Despite recent market turbulence, the stock market has had a relatively good year overall. However, the Dow Jones Industrial Average is only up 2.4% year to date (YTD), lagging behind the Nasdaq Composite and the S&P 500. Some big names within the Dow, including Apple, Nike, and UnitedHealth, are down this year and are within 6% of their 52-week lows.
Apple, a major player in the tech sector, has been underperforming compared to its peers. Concerns about slowing growth, declining sales in key markets like China, and lack of innovation have weighed on the stock. Despite these challenges, Apple remains a strong brand with a solid capital return program, making it an attractive option for value investors.
Nike, on the other hand, saw a temporary earnings spike during the pandemic, leading to a surge in its stock price. However, the growth proved to be short-lived, and the stock has retraced to where it was five years ago.
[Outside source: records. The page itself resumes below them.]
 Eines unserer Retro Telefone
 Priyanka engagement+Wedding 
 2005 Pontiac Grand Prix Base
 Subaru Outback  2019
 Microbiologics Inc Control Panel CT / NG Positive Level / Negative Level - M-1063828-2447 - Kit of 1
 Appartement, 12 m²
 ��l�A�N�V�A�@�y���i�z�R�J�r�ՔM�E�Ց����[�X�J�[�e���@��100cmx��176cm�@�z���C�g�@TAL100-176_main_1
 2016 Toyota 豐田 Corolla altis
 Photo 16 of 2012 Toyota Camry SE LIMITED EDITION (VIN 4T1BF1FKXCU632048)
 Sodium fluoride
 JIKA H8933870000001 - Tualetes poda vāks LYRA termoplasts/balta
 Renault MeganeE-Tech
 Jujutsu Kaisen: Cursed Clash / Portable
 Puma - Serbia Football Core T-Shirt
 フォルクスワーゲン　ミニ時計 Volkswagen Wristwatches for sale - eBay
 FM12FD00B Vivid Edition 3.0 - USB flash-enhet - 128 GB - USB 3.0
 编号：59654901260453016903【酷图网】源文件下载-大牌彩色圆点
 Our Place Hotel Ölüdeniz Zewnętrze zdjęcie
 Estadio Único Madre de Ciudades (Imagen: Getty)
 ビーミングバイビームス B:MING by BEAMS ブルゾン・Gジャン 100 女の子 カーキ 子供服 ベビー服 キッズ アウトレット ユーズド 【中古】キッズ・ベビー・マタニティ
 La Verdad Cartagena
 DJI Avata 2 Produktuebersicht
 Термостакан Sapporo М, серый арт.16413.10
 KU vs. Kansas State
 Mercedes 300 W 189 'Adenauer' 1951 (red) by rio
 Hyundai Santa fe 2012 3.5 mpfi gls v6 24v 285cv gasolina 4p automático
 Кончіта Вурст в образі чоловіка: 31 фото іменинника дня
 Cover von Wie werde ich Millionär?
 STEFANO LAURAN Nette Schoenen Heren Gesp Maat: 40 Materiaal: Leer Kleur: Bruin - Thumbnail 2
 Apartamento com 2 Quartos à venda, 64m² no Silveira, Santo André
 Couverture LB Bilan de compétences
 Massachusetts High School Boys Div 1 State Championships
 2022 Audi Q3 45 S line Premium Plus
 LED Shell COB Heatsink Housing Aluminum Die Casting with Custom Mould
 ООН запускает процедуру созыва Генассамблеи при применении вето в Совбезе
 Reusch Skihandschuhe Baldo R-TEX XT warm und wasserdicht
Nike is now focusing on its capital return program and dividend growth, making it a more appealing option for dividend investors.
UnitedHealth, a healthcare sector leader, has also seen a recent sell-off due to lower-than-expected payment rate increases and a cyberattack. However, the company remains a key player in the healthcare sector, with a focus on moderate growth and raising its dividend. With a relatively low P/E ratio, UnitedHealth presents a good value for investors looking for less expensive stocks to buy now.
Overall, despite the challenges faced by these Dow stocks, they all have strong fundamentals and potential for growth, making them worth considering for investors looking to capitalize on the current market conditions.